Le trio Buzelis-Giddey-White émerge comme les potentiels piliers de la reconstruction des Bulls. Crédit : NBA.com

Ce trio présente des complémentarités prometteuses : White comme scoreur et playmaker secondaire, Giddey comme gestionnaire et créateur principal, et Buzelis comme électron libre à développer à côté. Autour d’eux, Patrick Williams, Zach Collins, Julian Phillips ou Lonzo Ball (de retour après deux ans) devront trouver leur place. Ball s’est d’ailleurs exprimé sur son nouveau rôle : « Je ne suis plus le même joueur, mais je comprends mieux le jeu maintenant » (ESPN, mai 2025). Son expérience peut servir de socle défensif et de liant collectif.

D’un point de vue analytique, le cinq Giddey–White–Buzelis–Williams–Collins affiche un net rating de -2,1, trop juste pour viser les playoffs, mais suffisamment compétitif pour développer des automatismes. Le spacing reste un point faible, tout comme la protection du cercle. Mais plusieurs compositions alternatives, notamment avec Ball ou Huerter, montrent de meilleurs indicateurs en turnover ratio et rating defensif.
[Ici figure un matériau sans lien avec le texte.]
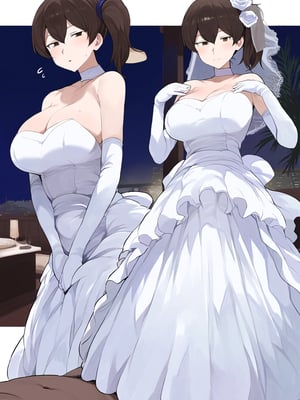 [J9home] 人妻_007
Mais malgré ces tentatives, cet équipe des Bulls stagne : 20e rating offensif, 19e rating defensif,. La moyenne d’âge est encourageante (24,2 ans), mais l’absence d’un vrai lead scorer reste criante. Reste a voir si Coby White a les épaules pour endosser ce rôle la saison prochaine. 
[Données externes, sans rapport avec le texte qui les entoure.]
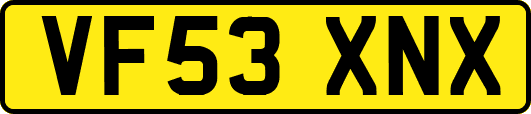 VF53XNX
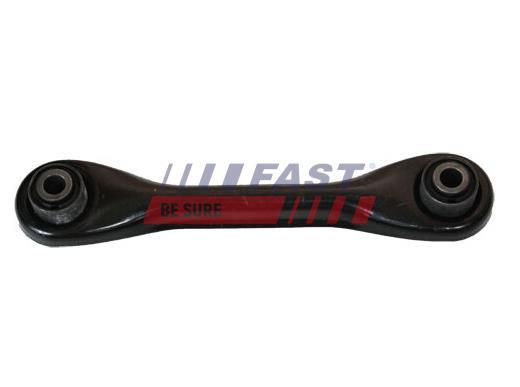 BRAS DE LIAISON, SUSPENSION DE ROUE FORD FOCUS I 98> ESSIEU ARRIÈRE G/D 98>.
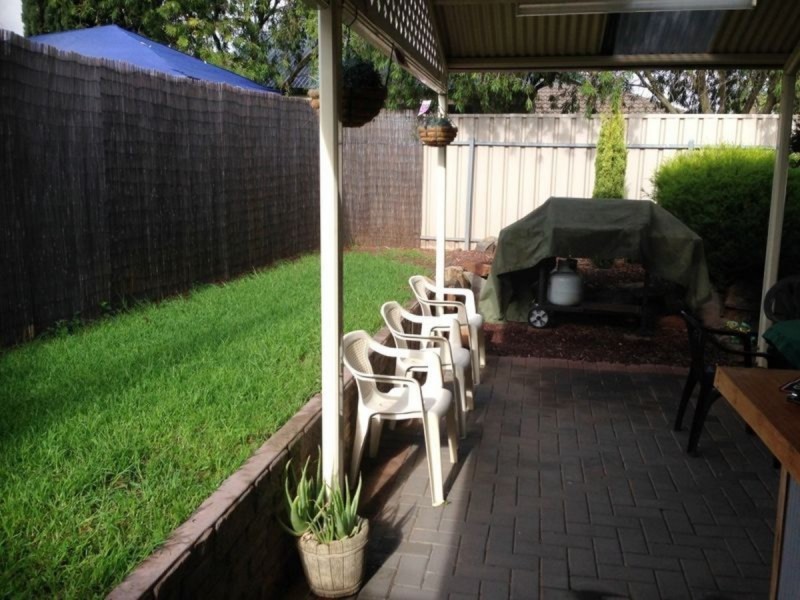 4 Tulipwood Court, Greenwith SA 5125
Un avenir incertain mais ouvert

La reconstruction est lancée, mais le plus dur commence : bâtir un vrai projet autour du noyau jeune identifié, trancher sur les dossiers sensibles, et envoyer un message clair. Pour la première fois depuis des années, les Bulls semblent avoir un cap , encore faut-il s’y tenir.

L’un des enjeux majeurs de cet été porte évidemment sur Josh Giddey. L’ancien meneur du Thunder a montré des choses intéressantes en fin de saison, mais reste un profil atypique, difficile à évaluer. D’autant qu’il est free agent restreint. Selon le journaliste Jake Fischer, Giddey cherche un contrat autour de 120 millions sur cinq ans, un pari coûteux pour un joueur en difficulté au niveau du tir lointain, dont la complémentarité avec White reste à affiner.

Du côté de la direction, la réflexion est simple : miser gros sur Giddey, c’est parier sur un meneur-passeur à l’ancienne, capable de bonifier ses coéquipiers, mais qui impose des contraintes structurelles. Le manque de spacing, déjà problématique, serait encore plus flagrant si l’Australien ne confirme pas sa progression au tir. En revanche, son volume de jeu et sa création permettent à Chicago de jouer à contre-courant, en s’appuyant sur de la taille, du rebond, et une attaque en mouvement (2e pace de la ligue cette saison).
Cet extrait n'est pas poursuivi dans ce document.